Donald Trump’s first few months as president highlight the stark truth that the United States of America are more disunited than they have been since the 1860s, explains J. Walker Smith, executive chairman of Kantar Futures.
Rather than the fault-lines being between the states, in 21st Century America they are between different political belief systems.
Fast forward from last November to today: everybody is wearing outrage on their sleeves. People have pulled far apart from one another. Divides have hardened and the divide is what matters now. There is no single American culture anymore. There are now two.
We have moved from political extremism as deviation from the norm to extreme politics as business as usual. Division and confrontation have replaced diversity and negotiation as the new normal. At Kantar, we call this ‘FragmentNation’.
Americans are moving apart, in their tastes, their values, their ideologies and their lifestyles. Echo chambers are not just social media; they have become physical spaces. Increasingly, people are choosing to live in like-minded communities, places where everybody votes alike.
Politics, lifestyles and consumption can’t be separated anymore. Politics drives choice of brands and retailers. In the 2016 Presidential election, states with the highest penetration of Dollar Stores voted for Trump; most of those with the highest penetration of Whole Foods stores voted for Clinton.
A tweet from President Trump is enough to send company stocks soaring or crashing, while expressions of support or criticism for him draw outrage from increasingly polarised consumers and calls for brand boycotts.
GEOGRAPHICAL DIVIDE
Daily Yonder co-founder and award-winning reporter Bill Bishop has found that six in 10 people live in so-called landslide counties, essentially places where everybody votes alike. That percentage was only one-quarter of Americans in 1976. This geographic divide is reflected in the growing cultural and economic separation between cities and rural areas.
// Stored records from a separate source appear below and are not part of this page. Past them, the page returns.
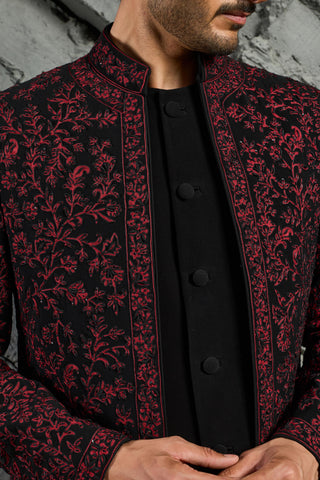 Indowestern Set for Indian Wedding - Black Jamawar by Sarab Khanijou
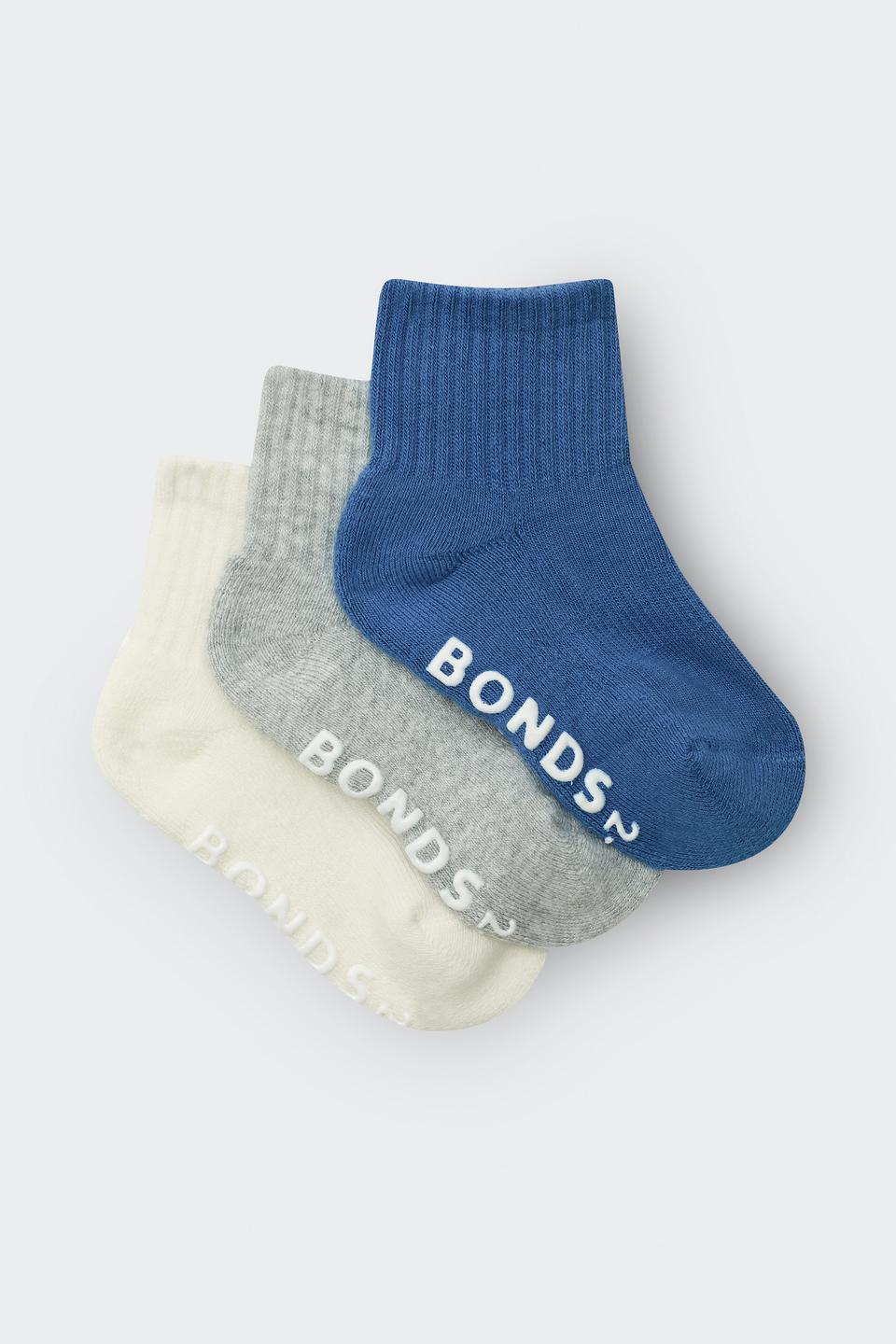 Baby Logo Cushioned Solid Colours Quarter Crew 3 Pack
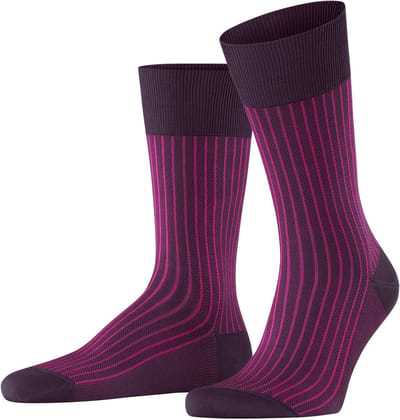 FALKE Oxford Stripe gedessineerd katoen sokken heren paars - maat 41-42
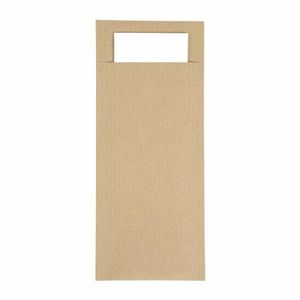 Europochette Brown Cutlery Pouch with White Napkin (Pack of 500) - CK235 - 1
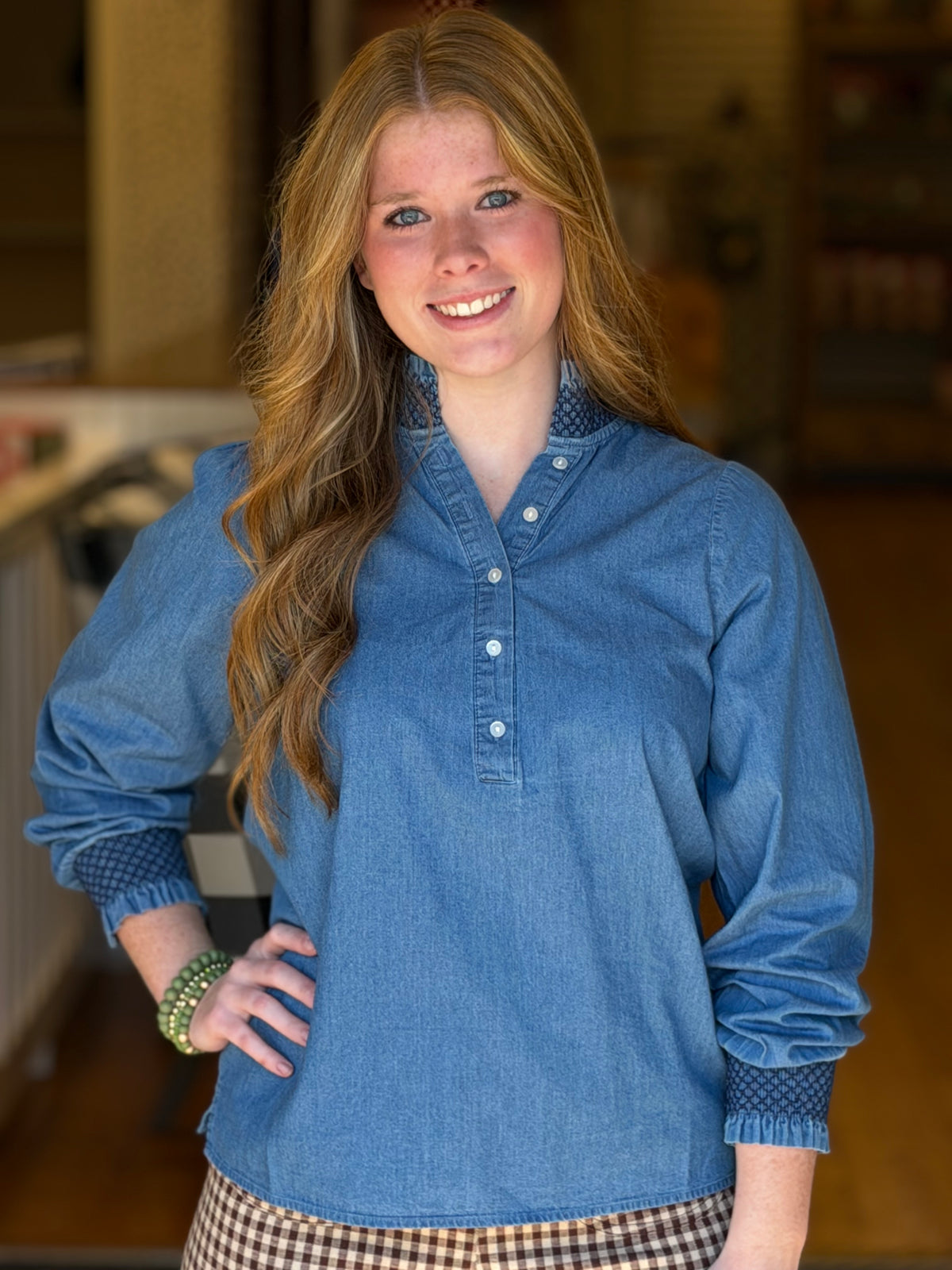 Mary Square Kimberly Chambray Top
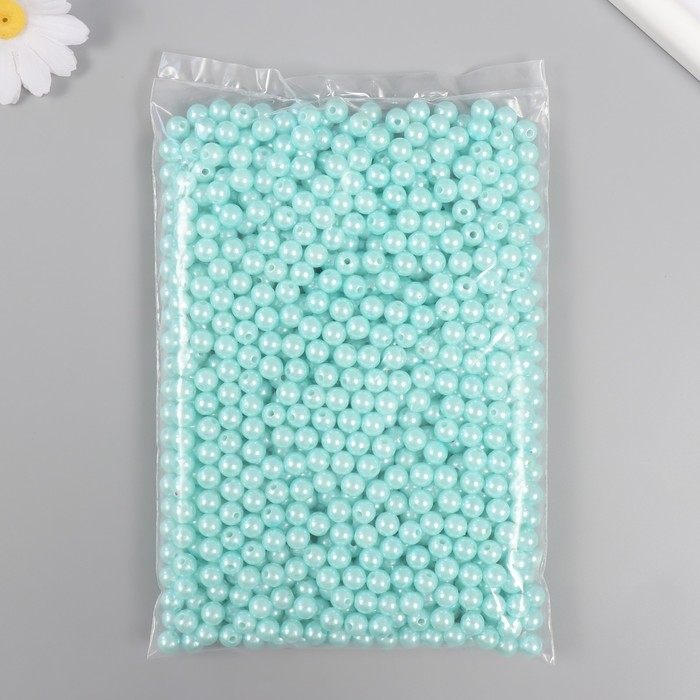 Набор бусин Набор бусин "Жемчуг" d 8 мм, 250 гр, голубой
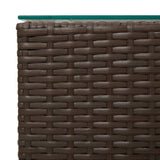 ZNTS Side Tables 3 pcs with Glass Top Brown Poly Rattan 316380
With Americans self-sorting themselves into like-minded communities, ever more marked variations in local values, attitudes and consumption patterns are emerging.
“Brands can no longer take it for granted that people will keep ideology and consumption separate”
Indeed, looking ahead, we should expect to see large metro areas acting much more like independent city-states. This kind of independence and localization is what Richard Florida, author of The Rise of the Creative Class, says will enable the two American cultures to coexist – local governance that fits local norms, not national or state governance that runs afoul of cross-community conflicts.
As cultural experience fragments, people are less comfortable in, and less accustomed to, dealing with different opinions. People believe in a particular narrative, whether left, right or middle, and they see the world through that lens. Contrary information won’t burst any bubbles. People consume and share news and information that reinforce their beliefs.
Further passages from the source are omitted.